[Action item]
Reproduce each record verbatim, images excluded.

[Records supplied]
------------------------------------------------------------------------
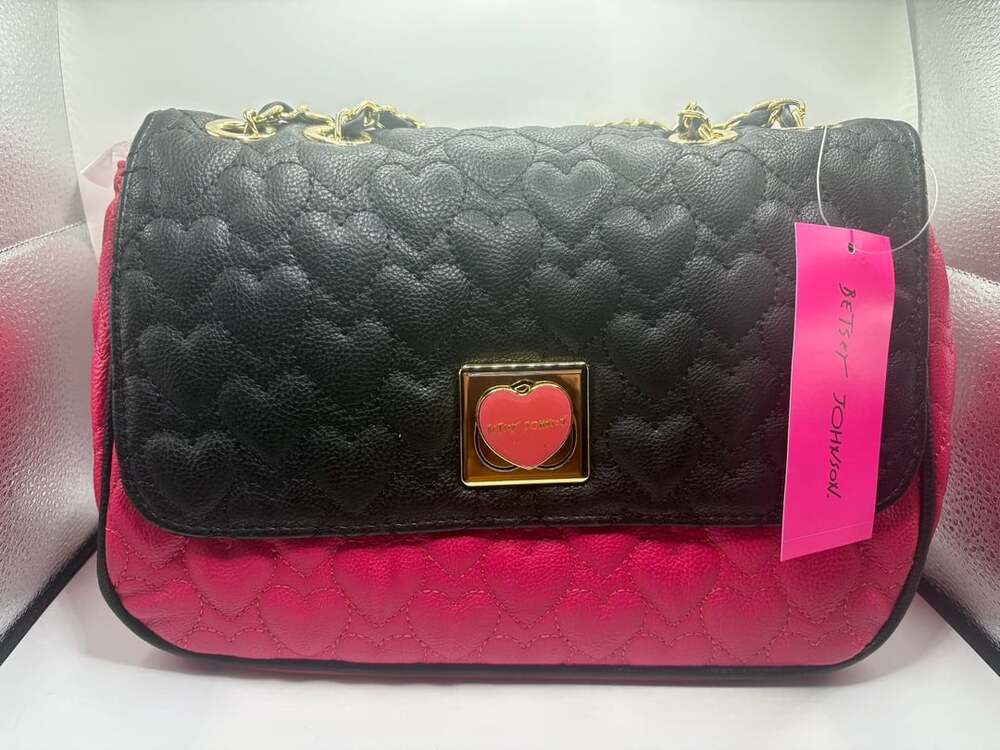 NWT Betsey Johnson Will You Be Mine Flapover Shoulder Bag Quilted Hearts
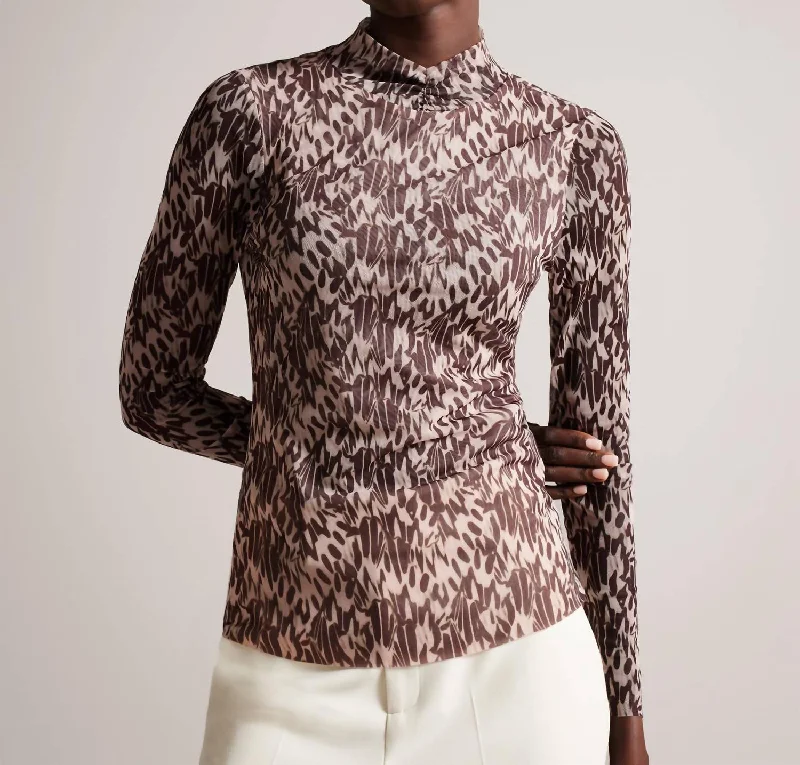 Affordable Chic Fits Relaxed Dressing Jumila Fitted High Neck Top In Nude Pink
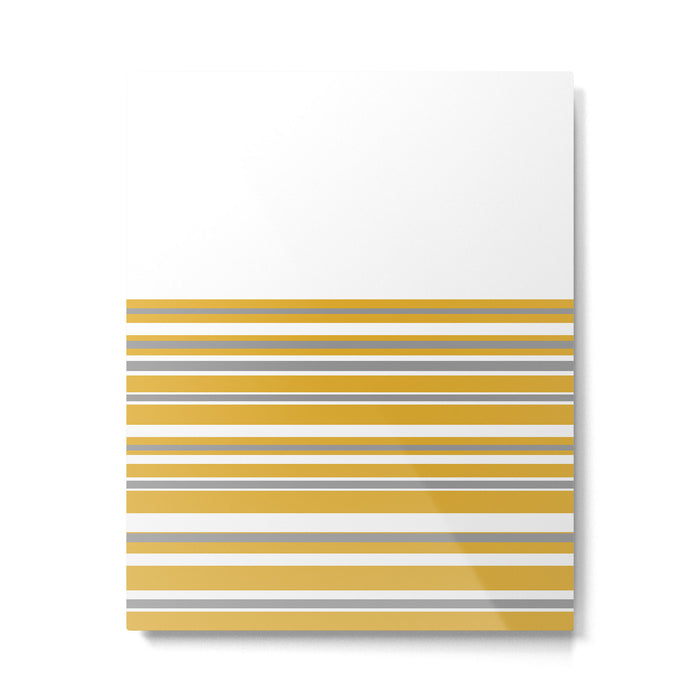 Perfectly Mustard Striped Color Block with White and Gray Metal Print Gallery Image 1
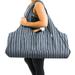 Yogiii Large Yoga Mat Bag | The ORIGINAL YogiiiTotePRO | Large Yoga Bag or Yoga Mat Carrier with Side Pocket | Fits Most Size Mats (Striped Denim Blue)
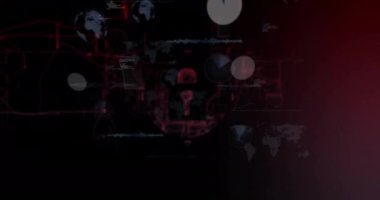 Siyah zemin üzerinde daireler, grafikler, küreler ve bilgisayar dilinde asma kilit animasyonu. Dijital olarak üretilmiş, hologram, koruma, küreselleşme, rapor, iş dünyası, kodlama ve teknoloji kavramı.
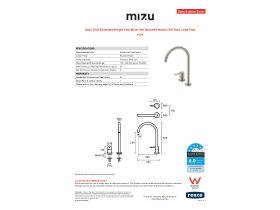 Specification Sheet - Mizu Drift Extended Height Hob Mixer Set Brushed Nickel (5/6 Star) Lead Free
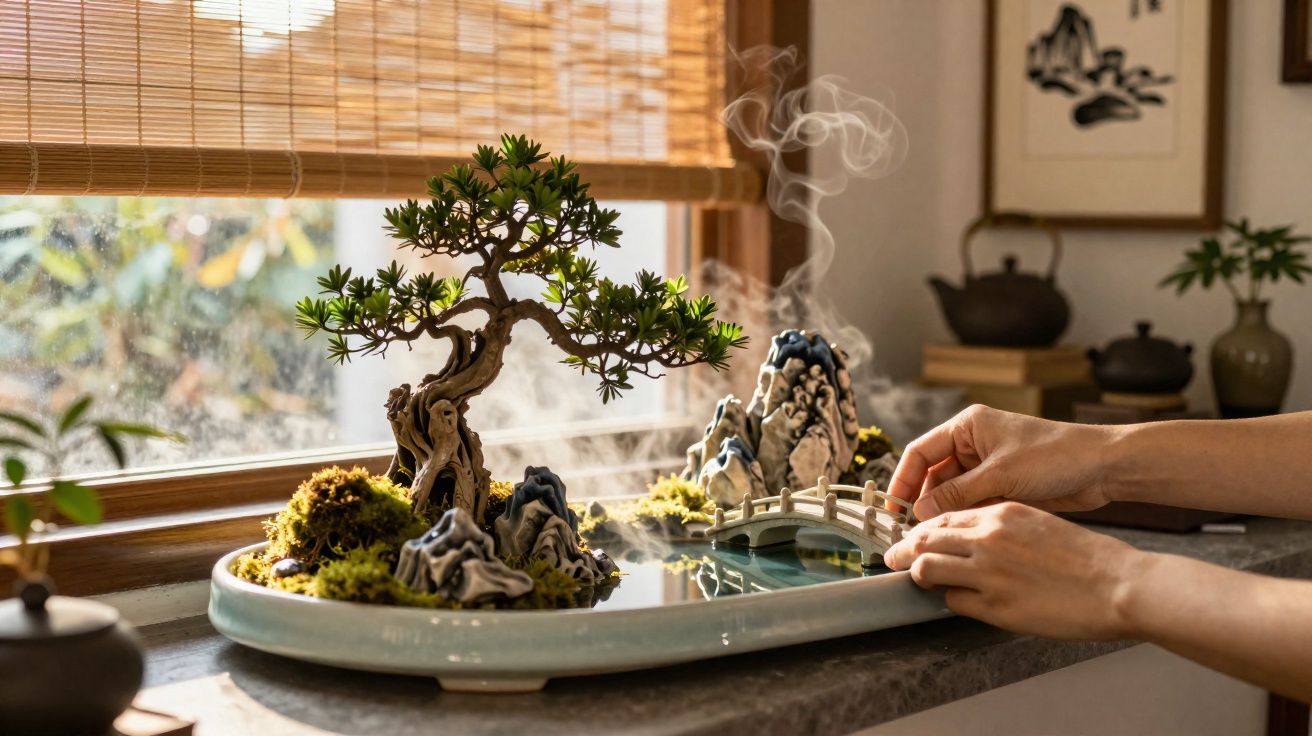 Mãos ajustando mini jardim zen com árvore bonsai, ponte e montanhas decorativas com fumaça no balcão próximo à janela.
------------------------------------------------------------------------
[Output for this task]
 NWT Betsey Johnson Will You Be Mine Flapover Shoulder Bag Quilted Hearts
 Affordable Chic Fits Relaxed Dressing Jumila Fitted High Neck Top In Nude Pink
 Perfectly Mustard Striped Color Block with White and Gray Metal Print Gallery Image 1
 Yogiii Large Yoga Mat Bag | The ORIGINAL YogiiiTotePRO | Large Yoga Bag or Yoga Mat Carrier with Side Pocket | Fits Most Size Mats (Striped Denim Blue)
 Siyah zemin üzerinde daireler, grafikler, küreler ve bilgisayar dilinde asma kilit animasyonu. Dijital olarak üretilmiş, hologram, koruma, küreselleşme, rapor, iş dünyası, kodlama ve teknoloji kavramı.
 Specification Sheet - Mizu Drift Extended Height Hob Mixer Set Brushed Nickel (5/6 Star) Lead Free
 Mãos ajustando mini jardim zen com árvore bonsai, ponte e montanhas decorativas com fumaça no balcão próximo à janela.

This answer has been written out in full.